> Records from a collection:
════════

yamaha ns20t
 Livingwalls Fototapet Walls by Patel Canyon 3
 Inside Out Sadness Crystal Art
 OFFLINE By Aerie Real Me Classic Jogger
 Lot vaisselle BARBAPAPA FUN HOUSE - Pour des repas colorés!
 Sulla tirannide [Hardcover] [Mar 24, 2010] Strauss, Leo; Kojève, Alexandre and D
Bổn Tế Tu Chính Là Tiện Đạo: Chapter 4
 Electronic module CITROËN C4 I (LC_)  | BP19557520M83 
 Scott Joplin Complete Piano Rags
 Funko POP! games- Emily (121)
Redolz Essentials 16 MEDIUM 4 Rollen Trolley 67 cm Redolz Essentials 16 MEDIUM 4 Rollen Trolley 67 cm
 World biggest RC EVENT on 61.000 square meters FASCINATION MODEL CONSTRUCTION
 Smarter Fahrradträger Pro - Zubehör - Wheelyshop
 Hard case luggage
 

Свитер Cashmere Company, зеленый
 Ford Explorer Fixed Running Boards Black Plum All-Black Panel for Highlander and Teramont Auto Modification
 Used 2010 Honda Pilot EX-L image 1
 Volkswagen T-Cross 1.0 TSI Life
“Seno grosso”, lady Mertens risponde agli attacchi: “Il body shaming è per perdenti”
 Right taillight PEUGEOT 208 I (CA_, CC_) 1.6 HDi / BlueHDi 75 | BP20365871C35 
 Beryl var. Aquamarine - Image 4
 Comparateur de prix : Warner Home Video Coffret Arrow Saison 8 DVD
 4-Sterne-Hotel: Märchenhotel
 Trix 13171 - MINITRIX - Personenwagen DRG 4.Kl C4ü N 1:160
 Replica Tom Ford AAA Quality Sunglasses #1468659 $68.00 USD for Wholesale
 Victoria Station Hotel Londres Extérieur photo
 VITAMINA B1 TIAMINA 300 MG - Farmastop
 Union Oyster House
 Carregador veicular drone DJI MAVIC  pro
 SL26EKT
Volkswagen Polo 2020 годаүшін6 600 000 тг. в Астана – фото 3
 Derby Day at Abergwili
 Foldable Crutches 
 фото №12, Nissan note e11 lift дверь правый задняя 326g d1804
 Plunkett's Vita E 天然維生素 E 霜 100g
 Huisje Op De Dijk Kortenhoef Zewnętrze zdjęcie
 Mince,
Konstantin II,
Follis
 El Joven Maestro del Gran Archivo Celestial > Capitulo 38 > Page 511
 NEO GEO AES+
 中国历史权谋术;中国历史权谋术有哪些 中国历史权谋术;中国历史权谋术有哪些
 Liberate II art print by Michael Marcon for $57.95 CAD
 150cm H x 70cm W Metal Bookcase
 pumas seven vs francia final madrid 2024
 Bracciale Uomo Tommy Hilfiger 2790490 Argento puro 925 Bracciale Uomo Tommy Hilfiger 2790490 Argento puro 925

════════

> TRY IT: When you reach the line containing "Smarter Fahrradträger Pro" in the data above, start copying exactly, and stop after the line containing "Volkswagen T-Cross 1.0 TSI Life".

> SOLVED PROBLEM:
 Smarter Fahrradträger Pro - Zubehör - Wheelyshop
 Hard case luggage
 

Свитер Cashmere Company, зеленый
 Ford Explorer Fixed Running Boards Black Plum All-Black Panel for Highlander and Teramont Auto Modification
 Used 2010 Honda Pilot EX-L image 1
 Volkswagen T-Cross 1.0 TSI Life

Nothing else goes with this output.